Masalah pengangkatan anak diatur dalam
UU No. 39 tahun 1999 tentang Hak Asasi Manusia, pasal 56 :
1.
Setiap anak berhak untuk dibesarkan,
dipelihara, dirawat, dididik, diarahkan dan dibimbing kehidupannya oleh orang
tua atau walinya sampai dewasa sesuai dengan ketentuan peraturan perundang –
undangan.
2.
Dalam hal orang tua tidak mampu membesarkan
dan memelihara anaknya dengan baik dan sesuai dengan undang – undang ini maka
anak tersebut boleh diasuh atau diangkat sebagai anak oleh orang lain sesuai
dengan ketentuan peraturan perundang – undangan.
Akibat
dari adanya Peraturan Pemerintah No. 7 tahun 1997 tentang Gaji Pegawai Negeri
Sipil, yang memungkinkan Pegawai Negeri Sipil untuk mendapatkan tunjangan bagi
anak yang diadopsi melalui penetapan pengadilan, maka mulailah praktik adopsi
dengan ketetapan pengadilan. Sementara itu bagi mereka yang termasuk ke dalam
golongan penduduk keturunan Tionghoa, berlaku peraturan adopsi yang diatur
dalam Staatsblad 1917 No. 129 yang memungkinkan dilakukannya adopsi anak laki –
laki. Akan tetapi, berdasarkan yurisprudensi tetap tahun 1983, Mahkamah Agung
menganggap sah pula adopsi anak perempuan dan adopsi menurut ketentuan
staatsblad 1917 No 129 itu cukup dengan akte notaris saja.

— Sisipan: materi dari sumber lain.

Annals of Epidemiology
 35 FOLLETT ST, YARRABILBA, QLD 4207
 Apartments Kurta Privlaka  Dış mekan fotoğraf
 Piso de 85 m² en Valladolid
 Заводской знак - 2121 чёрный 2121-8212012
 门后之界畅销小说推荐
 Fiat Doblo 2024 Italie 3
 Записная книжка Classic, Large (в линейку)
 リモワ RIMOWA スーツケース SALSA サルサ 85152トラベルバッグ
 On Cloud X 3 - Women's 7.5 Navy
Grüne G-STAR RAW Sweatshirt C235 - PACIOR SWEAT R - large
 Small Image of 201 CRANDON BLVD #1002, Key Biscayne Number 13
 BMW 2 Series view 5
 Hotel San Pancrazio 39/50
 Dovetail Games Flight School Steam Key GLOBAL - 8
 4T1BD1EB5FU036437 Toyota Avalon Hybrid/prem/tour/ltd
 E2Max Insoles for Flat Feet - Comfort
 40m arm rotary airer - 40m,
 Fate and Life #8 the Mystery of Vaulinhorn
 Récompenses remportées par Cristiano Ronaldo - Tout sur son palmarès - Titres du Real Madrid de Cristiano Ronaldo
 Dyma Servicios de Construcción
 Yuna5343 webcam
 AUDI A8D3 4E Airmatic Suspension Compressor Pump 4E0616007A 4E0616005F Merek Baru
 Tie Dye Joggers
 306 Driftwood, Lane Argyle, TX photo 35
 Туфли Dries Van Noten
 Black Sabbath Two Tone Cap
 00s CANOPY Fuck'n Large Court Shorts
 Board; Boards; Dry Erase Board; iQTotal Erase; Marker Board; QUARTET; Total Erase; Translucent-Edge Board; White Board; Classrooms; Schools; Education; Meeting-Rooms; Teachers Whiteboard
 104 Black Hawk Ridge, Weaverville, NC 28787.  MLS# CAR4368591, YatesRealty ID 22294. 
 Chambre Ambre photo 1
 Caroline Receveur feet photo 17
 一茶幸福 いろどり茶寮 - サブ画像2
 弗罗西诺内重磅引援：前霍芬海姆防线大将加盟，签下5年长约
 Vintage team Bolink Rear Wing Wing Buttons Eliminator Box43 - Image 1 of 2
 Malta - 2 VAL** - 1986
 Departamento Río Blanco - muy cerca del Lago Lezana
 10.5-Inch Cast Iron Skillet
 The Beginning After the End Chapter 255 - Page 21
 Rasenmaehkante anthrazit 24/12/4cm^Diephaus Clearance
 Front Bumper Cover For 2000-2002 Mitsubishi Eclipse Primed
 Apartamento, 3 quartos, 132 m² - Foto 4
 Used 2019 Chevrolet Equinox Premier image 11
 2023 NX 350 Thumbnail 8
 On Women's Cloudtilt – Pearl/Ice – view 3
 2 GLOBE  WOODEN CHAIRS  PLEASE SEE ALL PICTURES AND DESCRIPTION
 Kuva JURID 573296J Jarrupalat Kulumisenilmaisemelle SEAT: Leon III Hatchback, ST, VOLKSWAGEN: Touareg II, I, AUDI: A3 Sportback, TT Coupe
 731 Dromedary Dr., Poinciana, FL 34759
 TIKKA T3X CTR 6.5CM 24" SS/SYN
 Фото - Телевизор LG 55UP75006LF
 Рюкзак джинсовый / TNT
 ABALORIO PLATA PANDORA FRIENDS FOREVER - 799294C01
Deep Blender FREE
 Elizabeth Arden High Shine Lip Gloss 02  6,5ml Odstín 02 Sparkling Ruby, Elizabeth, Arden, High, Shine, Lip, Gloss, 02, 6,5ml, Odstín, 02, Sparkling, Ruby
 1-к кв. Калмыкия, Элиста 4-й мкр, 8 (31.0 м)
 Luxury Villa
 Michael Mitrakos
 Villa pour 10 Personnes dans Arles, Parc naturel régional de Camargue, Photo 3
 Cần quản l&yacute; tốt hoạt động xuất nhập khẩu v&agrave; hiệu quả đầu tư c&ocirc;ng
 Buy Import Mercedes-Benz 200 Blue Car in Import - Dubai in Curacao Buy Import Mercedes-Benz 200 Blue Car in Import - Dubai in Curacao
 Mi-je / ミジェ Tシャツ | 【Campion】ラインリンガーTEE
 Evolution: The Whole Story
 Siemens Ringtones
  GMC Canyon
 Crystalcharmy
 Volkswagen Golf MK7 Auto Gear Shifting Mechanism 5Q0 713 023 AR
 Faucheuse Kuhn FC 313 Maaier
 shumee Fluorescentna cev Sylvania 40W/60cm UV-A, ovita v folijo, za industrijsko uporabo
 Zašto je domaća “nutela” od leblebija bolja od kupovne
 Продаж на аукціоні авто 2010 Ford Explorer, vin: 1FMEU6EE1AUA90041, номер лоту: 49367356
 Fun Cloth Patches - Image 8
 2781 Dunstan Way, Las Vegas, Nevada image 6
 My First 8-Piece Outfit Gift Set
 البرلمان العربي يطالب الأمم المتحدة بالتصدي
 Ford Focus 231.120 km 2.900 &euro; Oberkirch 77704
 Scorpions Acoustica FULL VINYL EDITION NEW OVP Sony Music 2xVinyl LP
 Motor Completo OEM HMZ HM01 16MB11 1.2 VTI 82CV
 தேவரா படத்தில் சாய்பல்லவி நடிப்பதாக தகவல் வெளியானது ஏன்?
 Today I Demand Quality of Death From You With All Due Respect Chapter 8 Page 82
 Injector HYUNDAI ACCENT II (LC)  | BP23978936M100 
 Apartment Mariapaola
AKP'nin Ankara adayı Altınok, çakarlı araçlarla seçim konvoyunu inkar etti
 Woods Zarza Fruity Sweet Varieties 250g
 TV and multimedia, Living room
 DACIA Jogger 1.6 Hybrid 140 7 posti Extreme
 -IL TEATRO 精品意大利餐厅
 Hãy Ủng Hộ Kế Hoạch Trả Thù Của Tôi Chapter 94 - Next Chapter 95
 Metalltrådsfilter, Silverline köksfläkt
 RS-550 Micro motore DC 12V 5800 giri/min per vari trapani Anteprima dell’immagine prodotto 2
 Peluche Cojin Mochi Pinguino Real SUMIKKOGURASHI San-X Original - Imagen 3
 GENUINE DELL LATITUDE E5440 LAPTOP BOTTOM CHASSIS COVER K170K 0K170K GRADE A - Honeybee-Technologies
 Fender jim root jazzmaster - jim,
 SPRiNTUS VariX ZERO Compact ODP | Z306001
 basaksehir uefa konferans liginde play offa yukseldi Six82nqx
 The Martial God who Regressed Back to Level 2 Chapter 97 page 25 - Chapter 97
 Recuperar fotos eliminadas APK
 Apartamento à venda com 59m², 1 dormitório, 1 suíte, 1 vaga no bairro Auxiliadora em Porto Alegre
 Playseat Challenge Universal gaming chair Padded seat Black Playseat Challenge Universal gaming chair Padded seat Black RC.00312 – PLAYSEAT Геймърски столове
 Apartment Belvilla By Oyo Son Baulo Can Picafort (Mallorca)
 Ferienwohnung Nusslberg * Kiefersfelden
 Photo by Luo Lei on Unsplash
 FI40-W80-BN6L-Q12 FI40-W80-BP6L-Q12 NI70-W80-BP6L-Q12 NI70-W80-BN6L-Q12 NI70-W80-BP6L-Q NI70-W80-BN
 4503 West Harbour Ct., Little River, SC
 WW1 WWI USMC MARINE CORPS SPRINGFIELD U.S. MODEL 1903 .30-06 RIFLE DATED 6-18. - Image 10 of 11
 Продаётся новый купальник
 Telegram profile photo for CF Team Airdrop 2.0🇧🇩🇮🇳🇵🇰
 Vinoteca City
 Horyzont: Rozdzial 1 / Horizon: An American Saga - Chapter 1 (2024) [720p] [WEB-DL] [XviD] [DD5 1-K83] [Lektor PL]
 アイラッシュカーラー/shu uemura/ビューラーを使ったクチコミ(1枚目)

Sejak diundangkannya UU No 3 Tahun 2006 tentang Perubahan atas UU
No 7 Tahun 1989 tentang Peradilan Agama tanggal 20 Maret 2006, Pengadilan Agama
secara yuridis formal baru memiliki kewenangan untuk memeriksa dan mengadili
permohonan pengangkatan anak sesuai dengan hukum islam ( Penjelasan UU No 3
Tahun 2006 angka 37 pasal 49 huruf a nomor 20). Sementara sebelum lahirnya UU
No 3 Tahun 2006 perkara permohonan pengangkatan anak hanya menjadi kewenangan
Pengadilan Negeri
Jika
ditinjau dari hukum perdata, Indonesia di satu sisi membenarkan
anak angkat dalam pengertian adopsi yang sesungguhnya, dimana anak
tersebut memakai marga orang tua angkat dan putus hubungan dengan orang tua
sebenarnya, serta kewarisannya beralih kepada orang tua angkatnya. Hal
demikian, berdasarkan praktik pengadilan, Ketentuan
tentang pengangkatan anak sebagaimana diatur dalam Staatsblad Nomor 129 Tahun
1917 Pasal 5 s.d 15 antara lain:
a. Suami istri atau duda yang
tidak mempunyai anak laki-laki yang sah dalam garis laki-laki baik keturunan
dari kelahiran atau keturunan karena pengangkatan. Orang demikian diperbolehkan mengangkat anak laki-laki sebagai
anaknya;
b. Seorang janda (cerai mati) yang tidak mempunyai anak laki-laki dan tidak
dilarang oleh bekas suaminya dengan suatu wasiyat; (Pasal 5 )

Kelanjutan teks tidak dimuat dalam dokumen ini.